─── Data to use ───

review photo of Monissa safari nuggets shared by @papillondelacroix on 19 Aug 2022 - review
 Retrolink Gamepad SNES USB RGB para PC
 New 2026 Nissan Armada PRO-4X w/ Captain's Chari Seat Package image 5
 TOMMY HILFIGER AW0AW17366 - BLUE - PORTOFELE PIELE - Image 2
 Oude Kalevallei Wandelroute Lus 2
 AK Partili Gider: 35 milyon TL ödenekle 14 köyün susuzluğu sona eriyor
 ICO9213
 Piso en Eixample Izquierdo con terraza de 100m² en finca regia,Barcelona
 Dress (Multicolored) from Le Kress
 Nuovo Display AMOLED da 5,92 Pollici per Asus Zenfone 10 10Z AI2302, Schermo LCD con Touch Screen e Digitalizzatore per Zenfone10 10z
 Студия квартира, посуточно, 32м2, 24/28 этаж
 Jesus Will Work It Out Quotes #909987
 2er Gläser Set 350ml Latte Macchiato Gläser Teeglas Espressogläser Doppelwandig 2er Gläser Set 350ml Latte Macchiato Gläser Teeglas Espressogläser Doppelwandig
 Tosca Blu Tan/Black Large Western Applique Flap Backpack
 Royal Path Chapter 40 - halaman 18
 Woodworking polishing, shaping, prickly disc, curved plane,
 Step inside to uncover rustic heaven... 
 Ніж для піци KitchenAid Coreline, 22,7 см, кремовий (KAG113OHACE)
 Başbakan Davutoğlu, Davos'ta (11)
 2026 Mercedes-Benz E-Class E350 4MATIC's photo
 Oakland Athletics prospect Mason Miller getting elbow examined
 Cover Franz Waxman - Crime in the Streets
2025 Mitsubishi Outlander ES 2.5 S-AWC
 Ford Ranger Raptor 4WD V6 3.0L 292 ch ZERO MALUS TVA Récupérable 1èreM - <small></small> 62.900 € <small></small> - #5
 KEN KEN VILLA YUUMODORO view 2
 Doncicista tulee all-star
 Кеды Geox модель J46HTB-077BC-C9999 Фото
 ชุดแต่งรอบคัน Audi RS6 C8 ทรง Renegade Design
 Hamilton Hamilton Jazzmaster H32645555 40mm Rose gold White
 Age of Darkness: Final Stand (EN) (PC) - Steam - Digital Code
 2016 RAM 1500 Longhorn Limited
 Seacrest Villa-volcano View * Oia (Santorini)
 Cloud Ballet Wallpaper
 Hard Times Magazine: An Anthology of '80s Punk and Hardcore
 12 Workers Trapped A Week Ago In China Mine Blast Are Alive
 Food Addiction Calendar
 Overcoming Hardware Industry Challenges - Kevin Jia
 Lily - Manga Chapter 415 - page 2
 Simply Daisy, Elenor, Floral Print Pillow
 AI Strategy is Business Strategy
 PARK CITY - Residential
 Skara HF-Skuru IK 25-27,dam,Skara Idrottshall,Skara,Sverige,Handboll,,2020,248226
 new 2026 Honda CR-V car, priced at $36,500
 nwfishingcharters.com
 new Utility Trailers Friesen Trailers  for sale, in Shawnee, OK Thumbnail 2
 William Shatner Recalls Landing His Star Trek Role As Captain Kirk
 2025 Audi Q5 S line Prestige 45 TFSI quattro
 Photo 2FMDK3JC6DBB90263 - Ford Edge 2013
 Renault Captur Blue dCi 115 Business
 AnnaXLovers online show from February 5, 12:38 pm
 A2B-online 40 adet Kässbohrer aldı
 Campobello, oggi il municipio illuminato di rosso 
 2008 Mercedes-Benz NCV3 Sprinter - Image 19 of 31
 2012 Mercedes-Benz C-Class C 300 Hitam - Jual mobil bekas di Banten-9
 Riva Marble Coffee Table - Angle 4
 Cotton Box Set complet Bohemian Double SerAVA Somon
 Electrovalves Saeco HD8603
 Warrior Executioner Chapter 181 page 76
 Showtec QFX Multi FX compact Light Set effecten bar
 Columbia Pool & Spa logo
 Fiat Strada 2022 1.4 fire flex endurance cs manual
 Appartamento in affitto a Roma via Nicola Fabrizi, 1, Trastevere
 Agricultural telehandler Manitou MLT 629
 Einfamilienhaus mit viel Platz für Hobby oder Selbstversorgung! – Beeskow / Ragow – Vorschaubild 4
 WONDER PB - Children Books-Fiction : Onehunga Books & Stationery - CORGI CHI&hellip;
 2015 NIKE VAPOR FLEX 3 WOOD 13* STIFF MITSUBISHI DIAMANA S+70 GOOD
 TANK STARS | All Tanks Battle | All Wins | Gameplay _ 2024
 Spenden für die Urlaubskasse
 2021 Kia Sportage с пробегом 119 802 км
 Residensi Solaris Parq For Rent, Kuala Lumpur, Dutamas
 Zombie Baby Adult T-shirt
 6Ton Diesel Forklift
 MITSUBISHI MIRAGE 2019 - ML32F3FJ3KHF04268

───

Work item: Each line from the start of the records through the line holding "Nuovo Display AMOLED" must be returned exactly; nothing else belongs in the answer.

Output for this task:
review photo of Monissa safari nuggets shared by @papillondelacroix on 19 Aug 2022 - review
 Retrolink Gamepad SNES USB RGB para PC
 New 2026 Nissan Armada PRO-4X w/ Captain's Chari Seat Package image 5
 TOMMY HILFIGER AW0AW17366 - BLUE - PORTOFELE PIELE - Image 2
 Oude Kalevallei Wandelroute Lus 2
 AK Partili Gider: 35 milyon TL ödenekle 14 köyün susuzluğu sona eriyor
 ICO9213
 Piso en Eixample Izquierdo con terraza de 100m² en finca regia,Barcelona
 Dress (Multicolored) from Le Kress
 Nuovo Display AMOLED da 5,92 Pollici per Asus Zenfone 10 10Z AI2302, Schermo LCD con Touch Screen e Digitalizzatore per Zenfone10 10z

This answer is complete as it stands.